Hedera
A Hadoop toolkit for processing large versioned document collections
What is Hedera ?
Hedera is a software toolkit based on Hadoop framework that supports users in processing, indexing and mining text from very large versioned document collections. Hedera is designed to target rapid development and experimentation on scenarios, where it is required to deliver the (often preliminary) results as soon as possible, before going for a full-fledged solution. Hedera aims to support processing popular big datasets in public, such as Wikipedia revision history, Internet archive, etc. Hedera offers a few features such as:
- Hedera provides a set of custom InputFormat's that can handle the versioned documents in different levels. InputFormat is the data structure in Hadoop that defines the data units that can be processed in parallel by different map reduce tasks. In Hedera, we put efforts to provide different ways of extracting structured information from the text and redirect respective data into nodes for concurrent processing tasks.
- Hedera provides APIs to work in different programming languages (current versions - 0.1-SNAPSHOT - supports Java, Python, Pig)
- (Ongoing) Hedera implements plugins to integrate into other indexing framework: Lucene, ElasticSearch, Solr, etc.

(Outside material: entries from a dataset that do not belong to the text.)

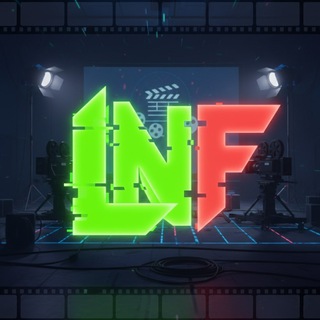 Loading Film...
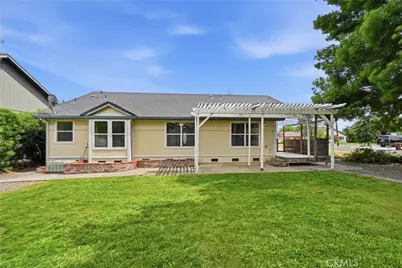 18057 Spyglass, Hidden Valley Lake, CA 95467 - Photo 29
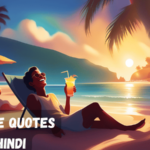 Life Quotes in Hindi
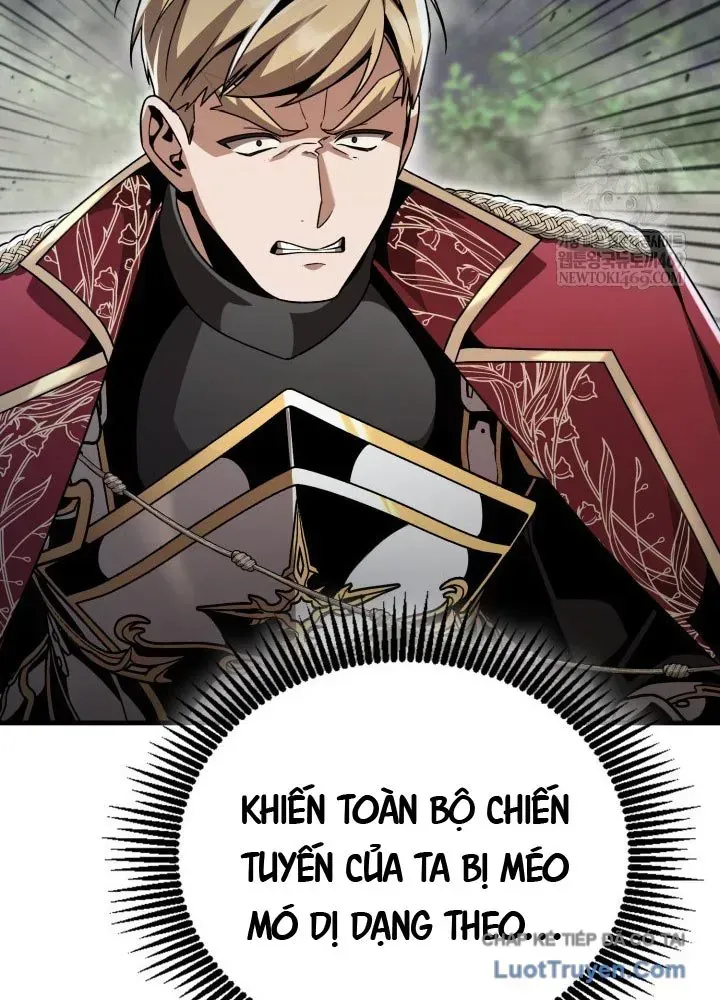Thiên Tài Huyền Thoại Nhà Công Tước Chap 25 - Next Chap 26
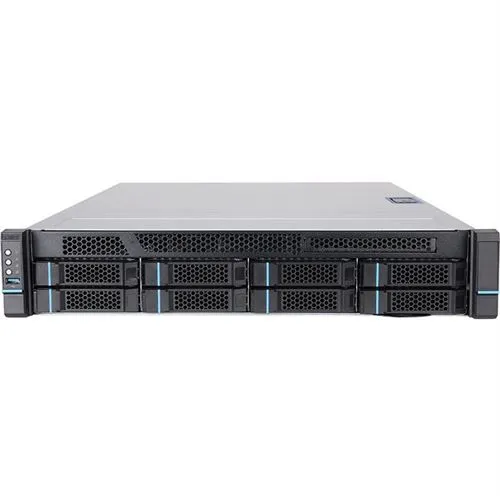 TERRA SERVER 3230 G6 E-2456 - Server für leistungsstarke Anwendungen, ausgestattet mit 32 GB RAM und zwei 960 GB SSDs für schnelle Datenverarbeitung und hohe Verfügbarkeit.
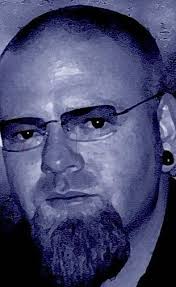 John Petersen Obituary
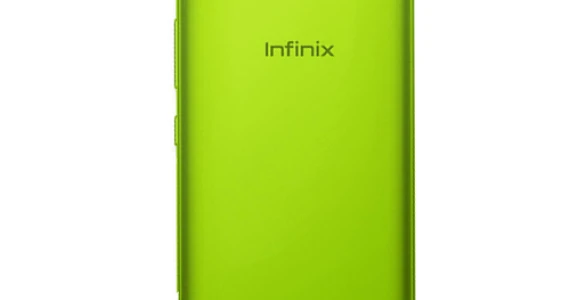 รูปภาพ อินฟินิกซ์ Infinix Smart 16GB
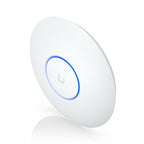 Ubiquiti U7 Lite 4300 Mbit/s White Power over Ethernet (PoE)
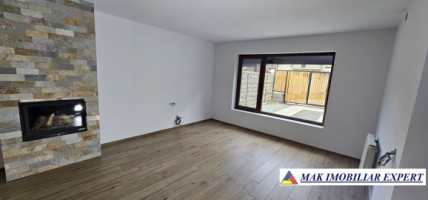 vila-noua-3-camere-teren-177-mp-in-rucar-arges-5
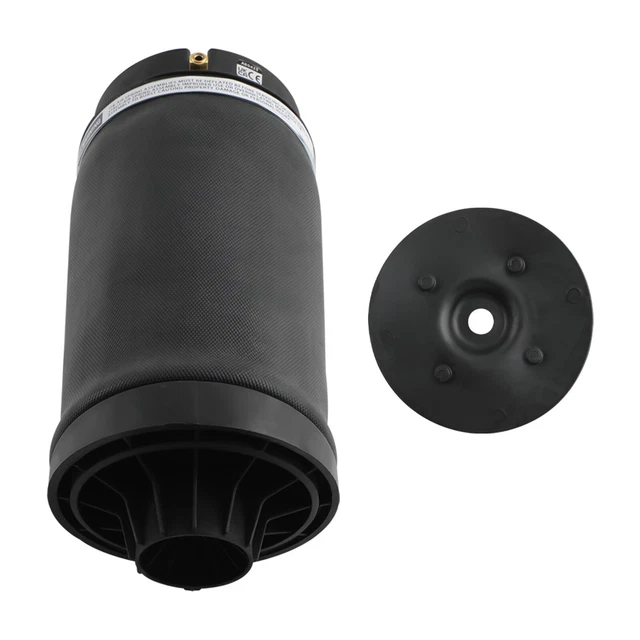 Suspension D'amortisseur Arrière Gauche Pour Mercedes Classe R W251 - Réf. 2513201831 - Neuf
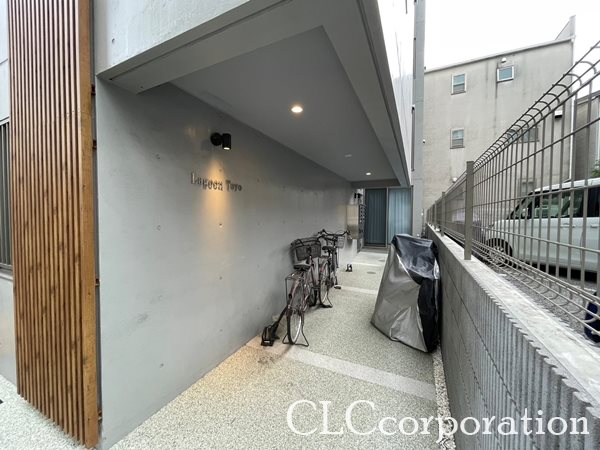 ラグーン東陽 その他5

- Hedera supports working directly and incrementally with compressed files of different formats: .bz2, gz, lzo, snappy
Why Hedera ?
While there are several frameworks built to support processing big textual data (both in MapReduce and non-MapReduce fashion), little has been focused on efficient processing of versioned document collections such as Web archives, revisions of collaborated documents (news articles or encyclopedia pages such as Wikipedia). As compared to traditional corpora, versioned documents have some following special characteristics:
- One documents have several snapshots, each typically associated with one specific timestamps indicating the publication time. Snapshots should not be considered independent documents, but rather siblings connected to one document identity.
- Document snapshots' contents are highly redundant. In practice, most of consecutive snapshots are generated to fix meticulous details, typos, etc. from the previous ones.
- Big changes in content of a document often come in narrow time period (minutes or within a day) as a response to the addition of one truly new information or the revising of important text snippets. This bursty behaviour should be exploited for efficient processing of text
- In traditional text corpora, document distribution is skew, some have big chunks of text while other can contain a few words. In versioned documents, the degree of skewness goes even higher. For example, in Wikipedia revisions, some snapshots of a page can amount up to 10 GB of texts, and some (such as redirects) just have a few Kilobytes. Any parallel framework must take this into account to support better load balancing without sacrifying the inter-dependences of snapshots within one document.
Hedera was built with those questions in mind. It uses Hadoop frameworks to support the scalable and parallel processing of data in high level programming languages. It optimizes the operations and APIs to address the above challenges, while still conforms to the MapReduce standards and support traditional workflows. Hedera aims to support rapid development of experimental models, and to this extent it tries to rely less on heavy general-purpose frameworks built for enterprise environments (such as Impala, etc.)